TASK » Send back the records exactly as written, with no images.

DATA TO PROCESS START

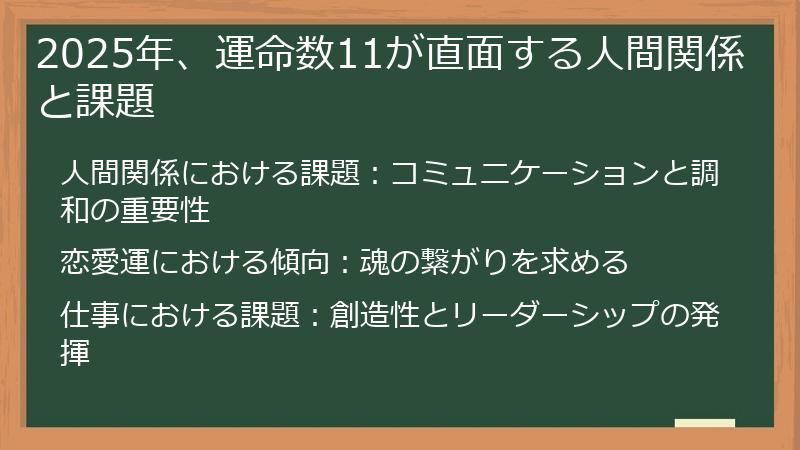 2025年、運命数11が直面する人間関係と課題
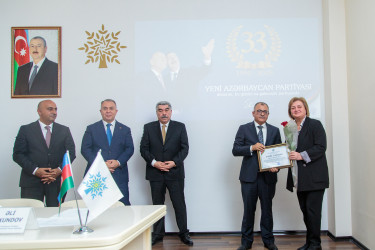 Salyanda Yeni Azərbaycan Partiyasının yaradılmasının 33-cü ildönümü münasibətilə konfrans keçirilib.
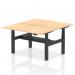 Air Back-to-Back 1400 x 800mm Height Adjustable 2 Person Office Bench Desk Maple Top with Scalloped Edge Black Frame HA01992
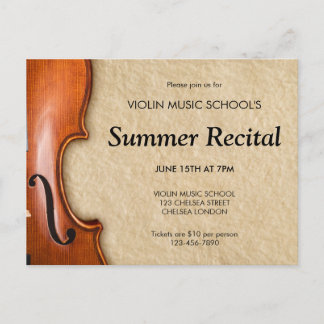 Violin Recital Concert Classical Music Invitation Postcard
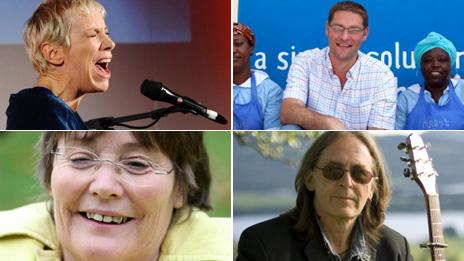 From top left clockwise: Annie Lennox, Magnus MacFarlane-Barrow, Dougie Maclean and Anne Begg MP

DATA TO PROCESS END

TASK RESPONSE »
 2025年、運命数11が直面する人間関係と課題
 Salyanda Yeni Azərbaycan Partiyasının yaradılmasının 33-cü ildönümü münasibətilə konfrans keçirilib.
 Air Back-to-Back 1400 x 800mm Height Adjustable 2 Person Office Bench Desk Maple Top with Scalloped Edge Black Frame HA01992
 Violin Recital Concert Classical Music Invitation Postcard
 From top left clockwise: Annie Lennox, Magnus MacFarlane-Barrow, Dougie Maclean and Anne Begg MP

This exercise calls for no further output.